**ASSIGNMENT**
In the entries that follow, the first line to write out is the one containing "Citroen C3 1.5 BlueHDi Feel", and the last is the one containing "Gewerbeimmobilie mieten in". Reproduce that stretch exactly, with nothing before or after it.

**THE DATA**

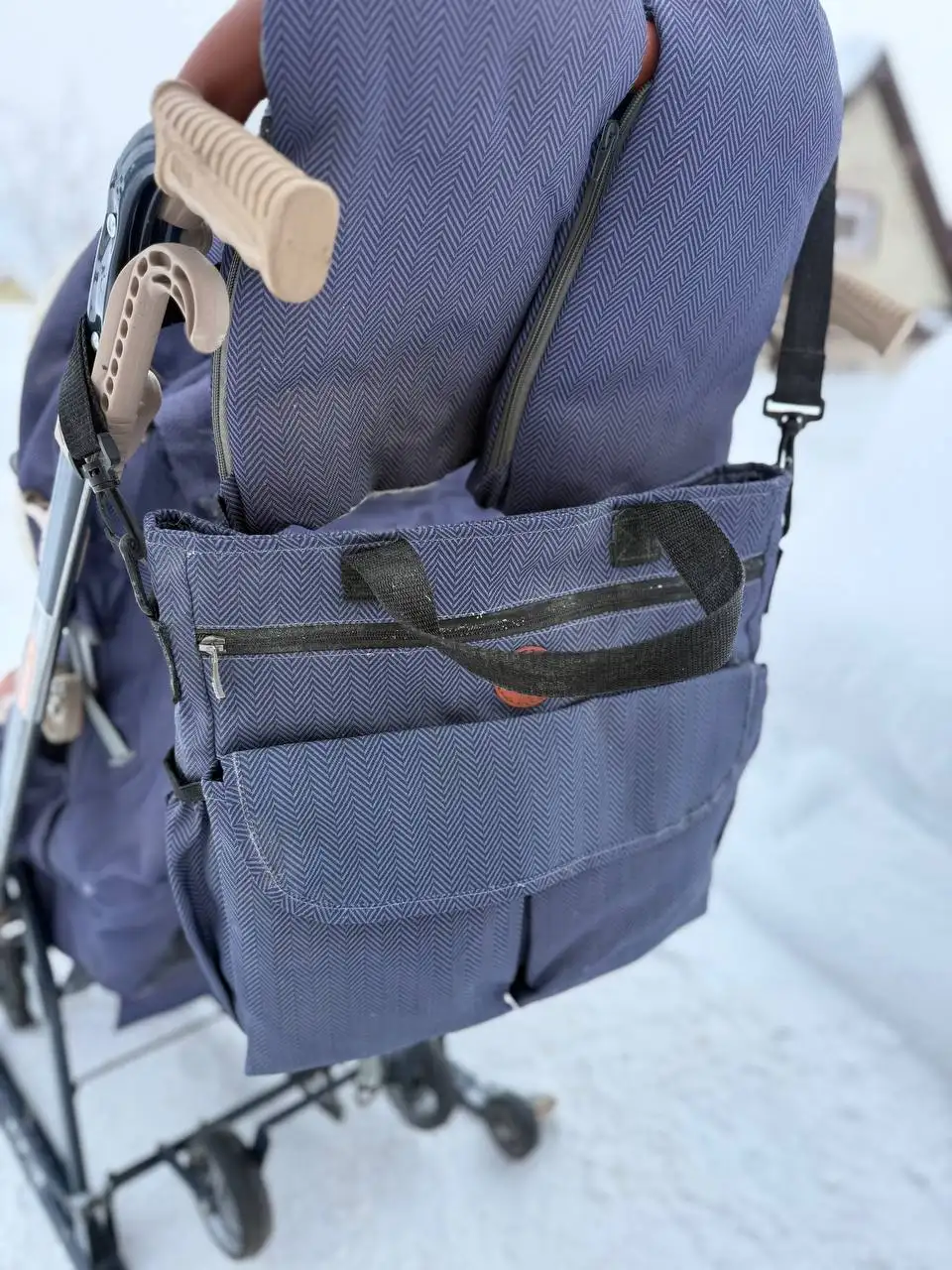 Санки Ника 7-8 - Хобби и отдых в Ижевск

...

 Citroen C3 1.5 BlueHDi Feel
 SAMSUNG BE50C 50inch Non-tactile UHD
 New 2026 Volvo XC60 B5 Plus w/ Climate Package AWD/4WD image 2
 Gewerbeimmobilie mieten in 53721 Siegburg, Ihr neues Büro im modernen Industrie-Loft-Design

...

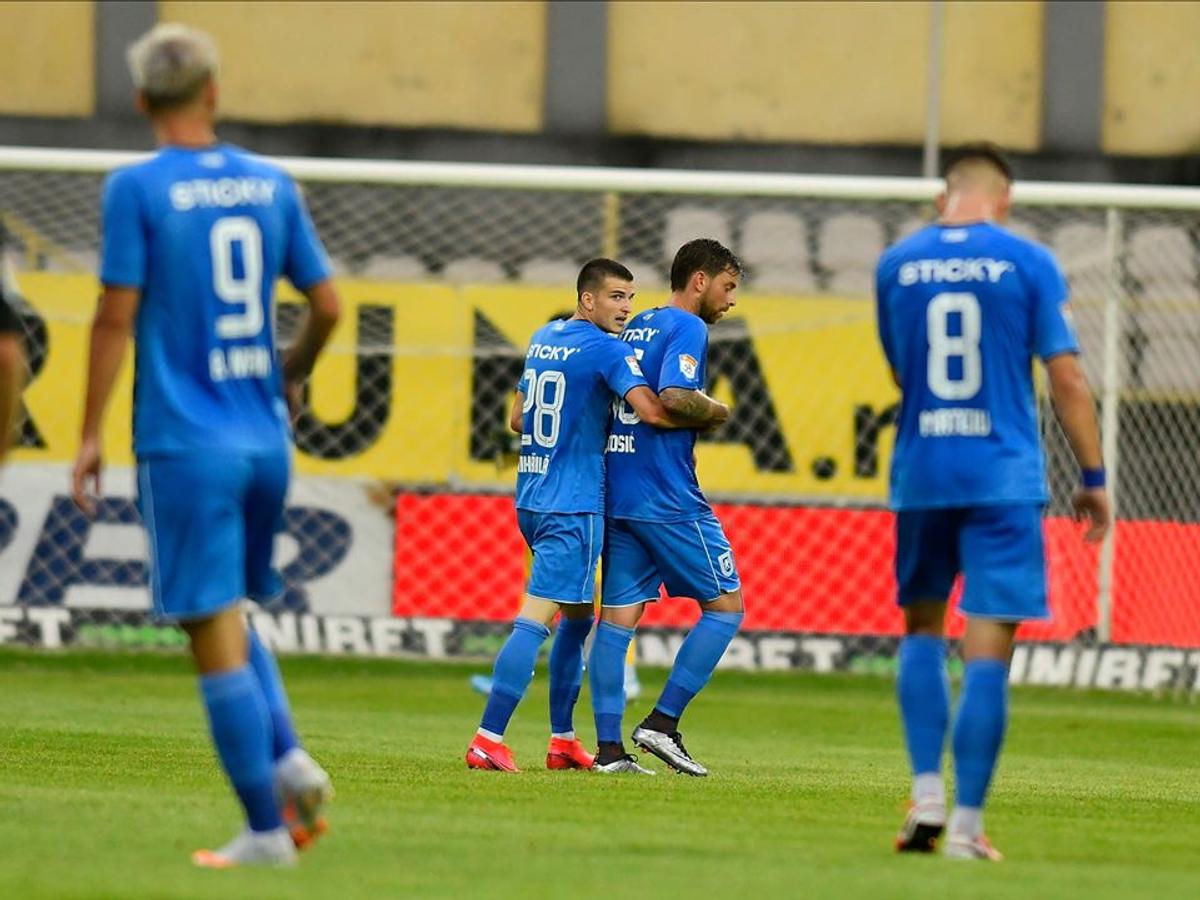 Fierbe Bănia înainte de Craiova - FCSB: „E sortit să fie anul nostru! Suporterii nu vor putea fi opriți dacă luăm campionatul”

**SOLUTION TO THE EXERCISE**
 Citroen C3 1.5 BlueHDi Feel
 SAMSUNG BE50C 50inch Non-tactile UHD
 New 2026 Volvo XC60 B5 Plus w/ Climate Package AWD/4WD image 2
 Gewerbeimmobilie mieten in 53721 Siegburg, Ihr neues Büro im modernen Industrie-Loft-Design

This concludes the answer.